Acquisition d'un Voilier d'Occasion en Polyester : Entre Passion et Exigence Technique

Acheter un voilier d’occasion est une question de passion et de raison. Le chemin vers des navigations inoubliables est fait de rêves, de découvertes, de visites mais aussi de réflexions. Entre le rêve de liberté et la réalité technique, il est facile de se laisser emporter par l’émotion. Pourtant, une acquisition réussie repose sur une préparation rigoureuse et des choix éclairés. Si vous vous demandez s'il est en bon état, ce guide vous offre tous nos conseils pour bien préparer l’acquisition d’un bateau à moteur ou voilier d’occasion. Devant l’offre importante de voiliers à vendre, il peut sembler simple d’en acquérir un, mais il n’en est rien. Pour éviter les pièges de l’achat rapide, voire du coup de cœur, un certain nombre de points sont à prendre en considération.

Définir Votre Projet Nautique : Le Pilier de Votre Choix

Avant de craquer pour une ligne de carène, une couleur de coque ou un nom qui sonne bien à nos oreilles, il y a un préalable à définir : qu’est-ce que je compte faire avec mon bateau ? Votre choix dépendra avant tout de l’usage que vous comptez en faire. Un bateau pour quel usage ? Selon que vous pratiquez la régate, la croisière côtière, hauturière, les sorties à la journée, le choix sera différent.

L'Usage et la Fréquence de Navigation

C’est d’abord une question de fréquence d’utilisation. Une navigation côtière, une croisière hauturière, une régate, ou des balades en famille orienteront inévitablement votre décision. Un dayboat de 7 mètres suffira pour des sorties à la journée, tandis qu’un croiseur de 11 mètres sera plus adapté pour des escapades de plusieurs jours. Si l’on habite assez près de la mer pour s’autoriser à pouvoir faire des ronds dans l’eau les soirs de semaine, déjeuner le dimanche au mouillage dans les îles ou s’entraîner tous les week-ends pour les régates de printemps, l’achat d’un bateau d’occasion se justifie pleinement. Il faudra alors bien cibler son choix pour trouver le bateau qui correspond le mieux à ses attentes et qui est capable d’y répondre sans trop tarder.
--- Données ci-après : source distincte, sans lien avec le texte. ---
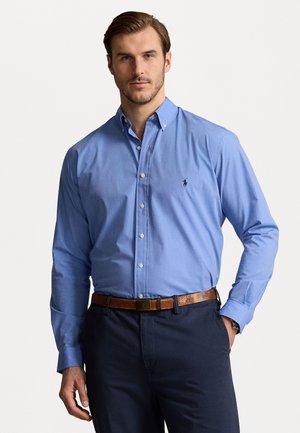 Lichtblauw overhemden met lange mouwen en een klein logo op de borst, gecombineerd met donkere broeken en een leren riem in bruin.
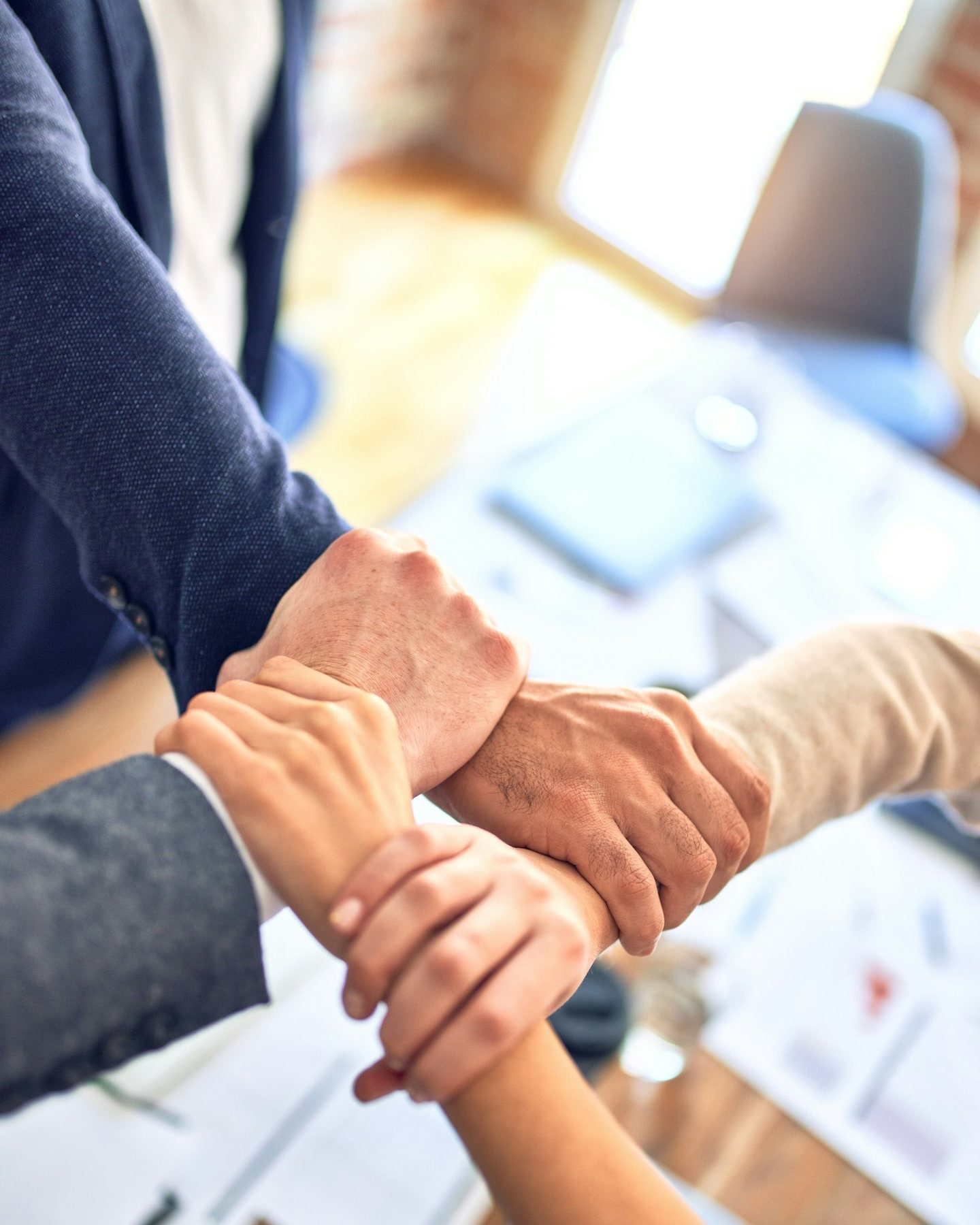 A team joining hands across a meeting table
Si l’objectif est de partir en voyage pour un, deux ou trois ans, il faudra non seulement considérer les questions de taille, de confort, d’équipement et d’autonomie nécessaires, mais aussi la capacité de revente du bateau, car dans la plupart des cas, on le remettra sur le marché une fois le voyage terminé.

On ne s’improvise pas régatier à la seule vue d’une course ; fréquemment, on pratique ce sport soit sur son propre bateau et on désire en changer, soit sur le bateau d’un ami ou dans un club. Pour un bateau de croisière, il en va tout autrement. Si on possède un bateau, bien souvent, on veut changer pour le fameux mètre en plus et ce pour diverses raisons. La famille s’est agrandie, le programme a changé. Par exemple, on envisage des croisières plus longues et pourquoi pas une traversée océanique. Comme pour le voilier de régate, si vous pratiquez ou avez pratiqué, vous avez certainement des idées précises sur votre prochain bateau.
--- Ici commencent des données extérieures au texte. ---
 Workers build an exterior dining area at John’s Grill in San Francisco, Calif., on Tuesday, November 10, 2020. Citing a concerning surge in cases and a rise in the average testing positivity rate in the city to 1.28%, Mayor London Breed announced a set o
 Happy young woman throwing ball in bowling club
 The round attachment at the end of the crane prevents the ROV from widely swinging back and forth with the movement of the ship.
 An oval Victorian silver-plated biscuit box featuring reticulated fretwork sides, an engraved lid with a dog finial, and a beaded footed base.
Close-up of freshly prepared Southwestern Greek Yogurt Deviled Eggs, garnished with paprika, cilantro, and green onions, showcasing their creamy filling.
Monocoque, Multicoque : Quel Type de Bateau pour Votre Programme ?

Monocoque, catamaran ou trimaran… Pour faire votre choix, il est important de savoir que les différents types de voiliers n’offrent pas les mêmes conditions de navigation et de vie à bord. Le monocoque reste la colonne vertébrale du nautisme européen, offrant une coque unique, une lecture simple de la mer et un comportement marin prévisible, idéal pour naviguer longtemps, apprendre et progresser. Les monocoques sont les plus fréquemment choisis lors d’un premier achat de voilier. Dériveurs ou quillards, ils sont les plus nombreux sur le plan d’eau ! Ils offrent d’agréables sensations, sont moins chers à l’achat que les multicoques et demandent généralement moins d’entretien.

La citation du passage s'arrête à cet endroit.